Advertisement

Ventura Passes a Living Wage Ordinance

Share
Times Staff Writer

Advocates for the working poor didn’t get very far when they tried to pass a minimum-wage ordinance in Ventura five years ago. Yet this week, the Ventura City Council voted unanimously to enact just such a law.

This time, the Ventura Chamber of Commerce signed on, as did Jim Monahan, the City Council’s staunchest pro-business member.

Why the change of heart?

“Everybody gave a little bit,” said Zoe Taylor, president and chief executive of the Chamber of Commerce. “To sit down at the table and come to an agreement is a win-win.”

Advertisement

By negotiating the language of the ordinance with labor advocates, business leaders were able to pare away more objectionable elements, Taylor said. In return for the chamber’s support, wage advocates agreed to abandon a ballot proposal that could have been more sweeping in scope.

With Monday’s vote, Ventura becomes the fourth government in Ventura County to adopt minimum wage standards.

“We got a standing ovation, so I guess it was the right thing to do,” said Monahan, who said he was glad that the ordinance addressed his concern by exempting nonprofit groups.

Ventura’s law provides that employees receive a minimum hourly salary of $12.50 without medical benefits and $9.75 if benefits are offered. Similar to ordinances in Oxnard, Port Hueneme and unincorporated Ventura County, it applies primarily to companies that contract with the city to provide services, such as gardening and janitorial work. The state’s minimum wage is $6.75 an hour.

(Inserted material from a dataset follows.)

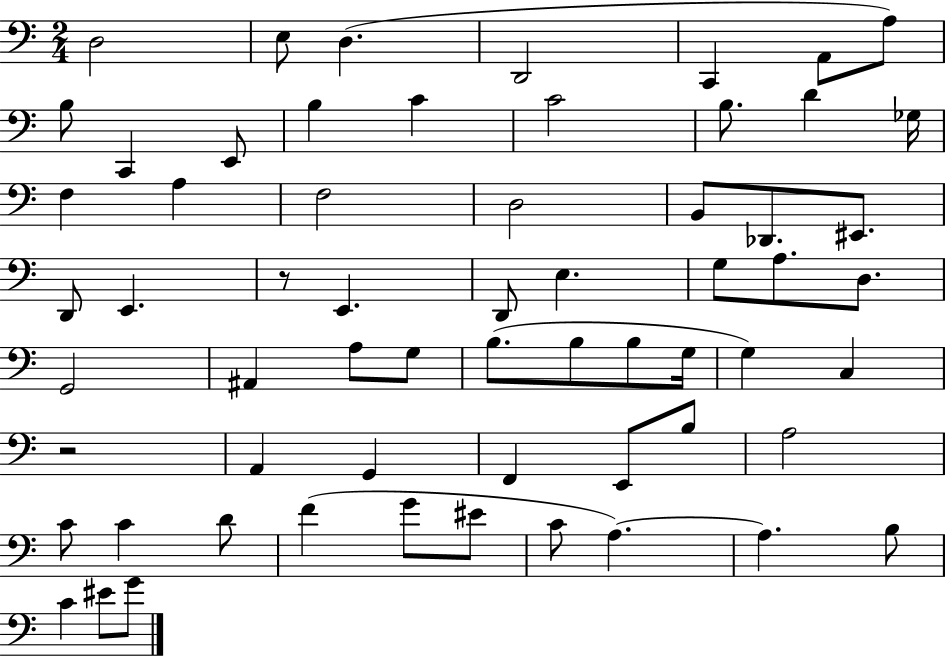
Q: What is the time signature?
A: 2/4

Members of the Ventura County Living Wage Coalition have pushed for wage standards since 1998. Advocates say the area’s high cost of housing, combined with soaring health expenses, make such laws critical for workers to meet basic needs.

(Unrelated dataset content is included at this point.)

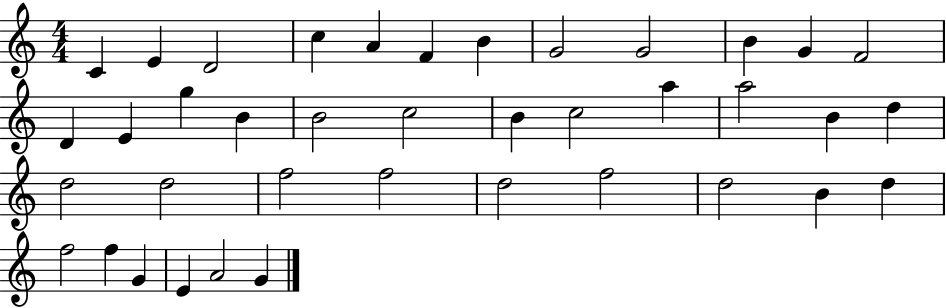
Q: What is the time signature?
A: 4/4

Their argument resonated with several members of the Ventura City Council.

Councilman Bill Fulton, an urban planning analyst, noted that a generation ago, anyone who worked hard at a full-time job could afford to pay for rent, food and other living expenses. That’s no longer true, said Fulton, whose Ventura research firm tracks demographic and development trends in California.

Advertisement

In addition to adopting wage standards, high-cost communities should consider more affordable housing, job training and education programs to help working people, Fulton said.

“The ladder of upward mobility is broken, and we have to take many steps to repair it,” he said.

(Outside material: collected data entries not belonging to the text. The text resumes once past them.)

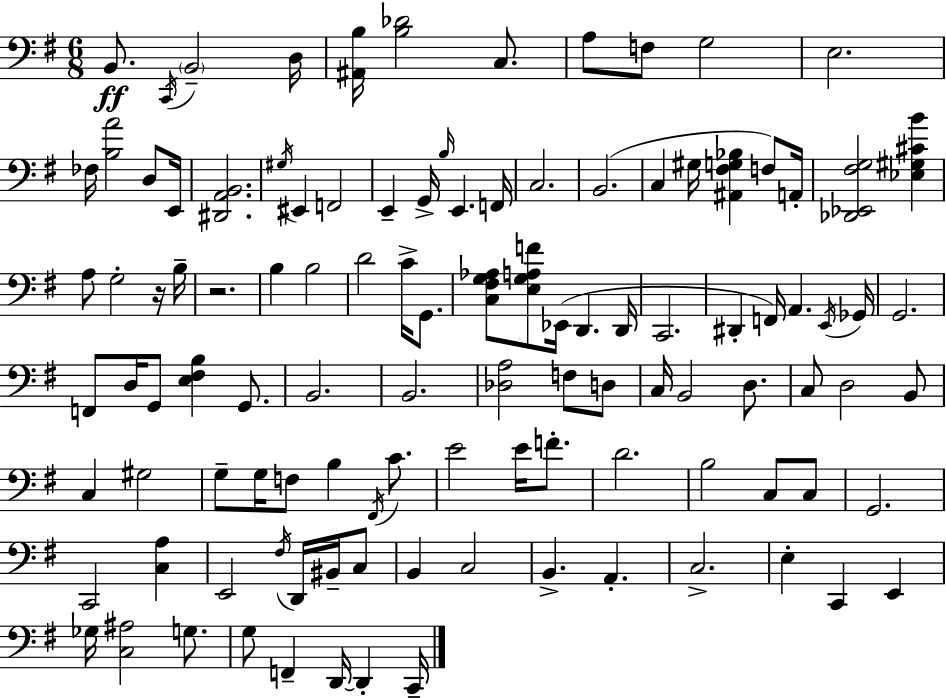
X:1
T:Untitled
M:6/8
L:1/4
K:Em
B,,/2 C,,/4 B,,2 D,/4 [^A,,B,]/4 [B,_D]2 C,/2 A,/2 F,/2 G,2 E,2 _F,/4 [B,A]2 D,/2 E,,/4 [^D,,A,,B,,]2 ^G,/4 ^E,, F,,2 E,, G,,/4 B,/4 E,, F,,/4 C,2 B,,2 C, ^G,/4 [^A,,^F,G,_B,] F,/2 A,,/4 [_D,,_E,,^F,G,]2 [_E,^G,^CB] A,/2 G,2 z/4 B,/4 z2 B, B,2 D2 C/4 G,,/2 [C,^F,G,_A,]/2 [E,G,A,F]/2 _E,,/4 D,, D,,/4 C,,2 ^D,, F,,/4 A,, E,,/4 _G,,/4 G,,2 F,,/2 D,/4 G,,/2 [E,^F,B,] G,,/2 B,,2 B,,2 [_D,A,]2 F,/2 D,/2 C,/4 B,,2 D,/2 C,/2 D,2 B,,/2 C, ^G,2 G,/2 G,/4 F,/2 B, ^F,,/4 C/2 E2 E/4 F/2 D2 B,2 C,/2 C,/2 G,,2 C,,2 [C,A,] E,,2 ^F,/4 D,,/4 ^B,,/4 C,/2 B,, C,2 B,, A,, C,2 E, C,, E,, _G,/4 [C,^A,]2 G,/2 G,/2 F,, D,,/4 D,, C,,/4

Living wage laws have been adopted in more than 100 cities around the nation, including Los Angeles, Sacramento and San Francisco. They frequently anger business leaders, who view them as an unwelcome intrusion into free markets.

Attempts in recent years to increase the federal minimum wage of $5.15 an hour have stalled in Congress. Inflation has eroded the value of the last hike, approved nine years ago, according to the Assn. of Community Organizations for Reform Now, a national group that advocates for the working poor.

After failing to get a Ventura law passed several years ago, the Ventura County Living Wage Coalition obtained sufficient signatures to qualify a ballot measure for the fall election.

The proposed measure would have been more onerous for business, setting a minimum wage standard of $12.50 an hour with benefits and $15 an hour without. It also would have applied to any city contract of $10,000 a year, while the council-passed ordinance applies to annual contracts starting at $25,000.

Advertisement

Ventura was able to reach consensus on the issue by making business leaders part of the negotiations, City Manager Rick Cole said.

“A very pragmatic solution emerged when the Chamber of Commerce sat down with the lefties on the Living Wage Coalition,” Cole said. “Unlike in Sacramento, they were able to work this out.”